Monday, May 28, 2007

Opini

Presiden di Republik Wacana
Jurnal Nasional
, Sabtu, 26 Mei 2007

A. Bakir Ihsan

Republik wacana. Mungkin inilah identitas apatis atas simulakra wacana yang bergelayut di langit republik ini. Dari hari ke hari wacana tak pernah kering mengalir. Sayangnya wacana itu berkutat pada satu sisi problematika kebangsaan yang begitu luas, yaitu wacana kekuasaan.

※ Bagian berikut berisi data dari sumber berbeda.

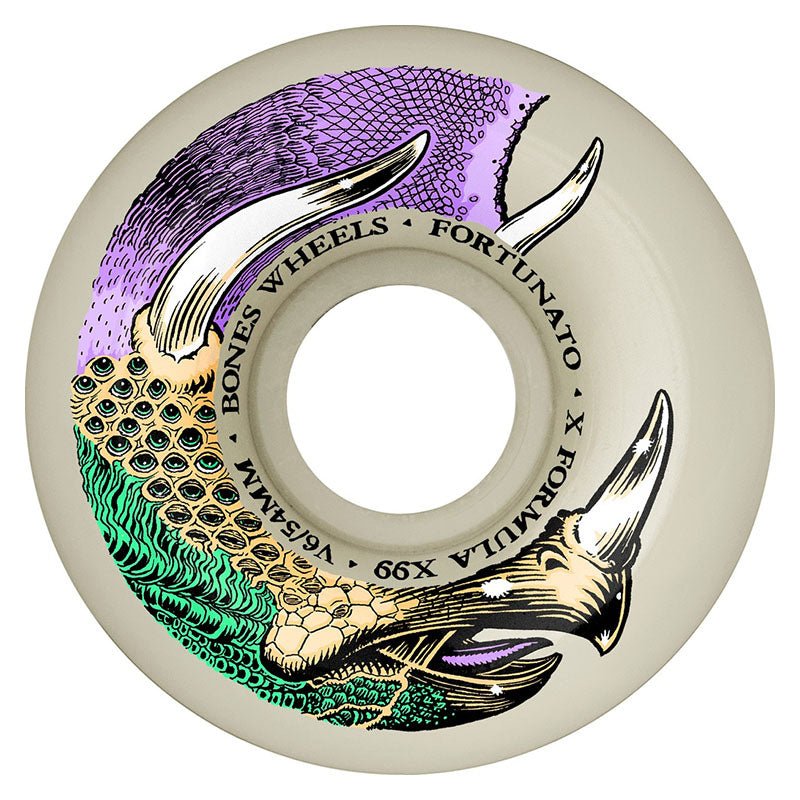 Bones 54mm 99a X - Formula Fortunato Dino - Sortas V6 Wide - Cut Skateboard Wheels 4pk - 5150 Skate Shop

Beberapa waktu lalu, republik ini disuguhi desakan reshuffle kabinet. Indikator menurunnya popularitas SBY yang berada di bawah batas psikologis (50 persen) menjadi alasan kuat untuk me-reshuffle para pembantunya. Beragam masukan dan kriteria dilontarkan, dan tak lupa parpol-parpol menyiapkan kader penggantinya.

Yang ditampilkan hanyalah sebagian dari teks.